The Convention on Biological Diversity (CBD) aims to protect the world’s biodiversity by expanding the current protected area network to comprise 17% of the Earth’s terrestrial area using ecosystem-based targets (Target 11) and preventing the extinction of known threatened species (Target 12). While both targets use protected areas, Target 11 is the main driver for the CBD’s expansion plan. However, the cost-effectiveness of the CBD’s guidelines of using ecosystem-based targets to effectively represent threatened species has not been adequately investigated. In Chapter 4, I used Australia as a case study to test how well ecosystem-based targets protect threatened species, and compared the cost-effectiveness of planning for species and ecosystems separately and simultaneously. I used species-specific targets for 1,320 threatened species and a 10% target for each one of Australia’s 85 bioregions. I discovered that, following the CBD’s ecosystem-based approach for protected area expansion, the outcome would be inadequate and inefficient for representation of threatened species. Even filling in the gaps for threatened species protection later (coarse- then fine-scale) proved to be an inefficient strategy, while the reverse (fine- then coarse-scale) was almost as cost-effective as planning for both simultaneously. In Chapter 5, I extended this problem to explore the trade-off curves between the target sizes of these two conservation features within several protected area networks of different sizes. These curves can be used as a planning tool for countries that have either geographical or monetary limitations. Depending on their needs, countries can use the trade-off curves to place more or less emphasis on either ecosystems or species when planning protected areas.

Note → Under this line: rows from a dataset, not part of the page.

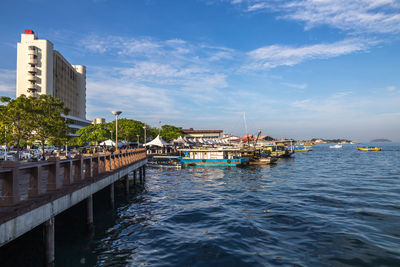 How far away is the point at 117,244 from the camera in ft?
41.2

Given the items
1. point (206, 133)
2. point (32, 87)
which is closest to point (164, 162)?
point (32, 87)

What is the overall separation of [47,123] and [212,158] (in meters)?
31.2

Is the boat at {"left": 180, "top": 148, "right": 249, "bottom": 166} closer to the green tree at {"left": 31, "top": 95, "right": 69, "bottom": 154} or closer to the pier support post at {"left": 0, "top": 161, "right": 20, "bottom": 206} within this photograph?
the green tree at {"left": 31, "top": 95, "right": 69, "bottom": 154}

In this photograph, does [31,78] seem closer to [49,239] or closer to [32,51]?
[32,51]

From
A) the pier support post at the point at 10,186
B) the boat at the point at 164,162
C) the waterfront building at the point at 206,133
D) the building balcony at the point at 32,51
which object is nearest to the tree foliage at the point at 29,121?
the boat at the point at 164,162

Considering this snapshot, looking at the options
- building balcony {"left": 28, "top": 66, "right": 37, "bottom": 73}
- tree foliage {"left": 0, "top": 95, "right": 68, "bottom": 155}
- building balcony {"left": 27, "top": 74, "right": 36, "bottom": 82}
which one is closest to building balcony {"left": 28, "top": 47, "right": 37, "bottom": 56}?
building balcony {"left": 28, "top": 66, "right": 37, "bottom": 73}

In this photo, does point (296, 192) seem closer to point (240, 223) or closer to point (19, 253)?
point (240, 223)

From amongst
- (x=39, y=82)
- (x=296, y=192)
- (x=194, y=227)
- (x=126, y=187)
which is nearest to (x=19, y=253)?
(x=194, y=227)

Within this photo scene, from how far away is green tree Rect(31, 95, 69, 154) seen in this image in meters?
30.4

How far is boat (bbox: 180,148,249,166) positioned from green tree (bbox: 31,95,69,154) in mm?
25562

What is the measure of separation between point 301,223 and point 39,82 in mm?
90952

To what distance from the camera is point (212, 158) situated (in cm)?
→ 5256

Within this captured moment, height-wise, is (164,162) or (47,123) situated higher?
(47,123)

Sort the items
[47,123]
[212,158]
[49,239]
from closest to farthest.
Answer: [49,239] < [47,123] < [212,158] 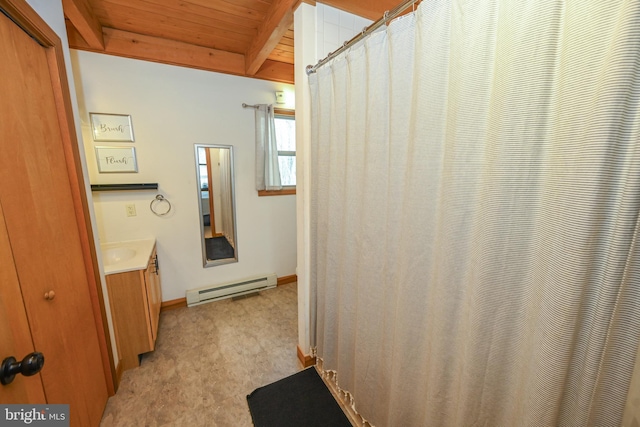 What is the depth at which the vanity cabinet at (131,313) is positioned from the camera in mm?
1694

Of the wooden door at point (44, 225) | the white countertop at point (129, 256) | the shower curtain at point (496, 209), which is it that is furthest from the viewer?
the white countertop at point (129, 256)

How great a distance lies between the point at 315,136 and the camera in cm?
149

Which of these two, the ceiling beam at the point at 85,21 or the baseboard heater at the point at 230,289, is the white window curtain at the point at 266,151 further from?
the ceiling beam at the point at 85,21

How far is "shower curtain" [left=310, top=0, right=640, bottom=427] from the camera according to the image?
0.50m

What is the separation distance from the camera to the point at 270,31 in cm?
179

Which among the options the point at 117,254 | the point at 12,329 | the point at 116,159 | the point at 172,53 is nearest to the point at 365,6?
the point at 172,53

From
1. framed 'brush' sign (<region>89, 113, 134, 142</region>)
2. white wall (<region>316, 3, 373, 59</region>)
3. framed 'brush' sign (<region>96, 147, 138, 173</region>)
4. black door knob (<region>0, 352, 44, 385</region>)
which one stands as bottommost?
black door knob (<region>0, 352, 44, 385</region>)

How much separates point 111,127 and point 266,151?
136cm

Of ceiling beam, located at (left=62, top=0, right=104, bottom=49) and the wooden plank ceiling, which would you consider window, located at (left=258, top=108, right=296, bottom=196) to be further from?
ceiling beam, located at (left=62, top=0, right=104, bottom=49)

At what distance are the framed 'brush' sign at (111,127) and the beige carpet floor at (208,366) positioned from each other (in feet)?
5.79

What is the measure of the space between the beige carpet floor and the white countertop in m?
0.77

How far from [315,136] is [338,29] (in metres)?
0.71

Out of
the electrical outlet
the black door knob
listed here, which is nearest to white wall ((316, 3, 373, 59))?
the black door knob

This research is one of the first to address feature-objective coarseness in conservation planning. The methods develop here allows decision makers to understand the cost-effectiveness and trade-offs involved with engaging with different levels of biodiversity features’ coarseness. The two problems I address are current and pressing issues in conservation. The conclusions of my research show that: (i) Using all available data on the targeted biodiversity features will generate the most cost-effective solutions. (ii) Large-scale environmental surrogates or focal species might be used when monetary or time limitations prevail but are less cost-effective. (iii) Understanding the necessary trade-offs within the planning process can help decision scientists and planners to make informed choices about how to invest limited conservation resources, taking advantage of near win-win solutions where they exist.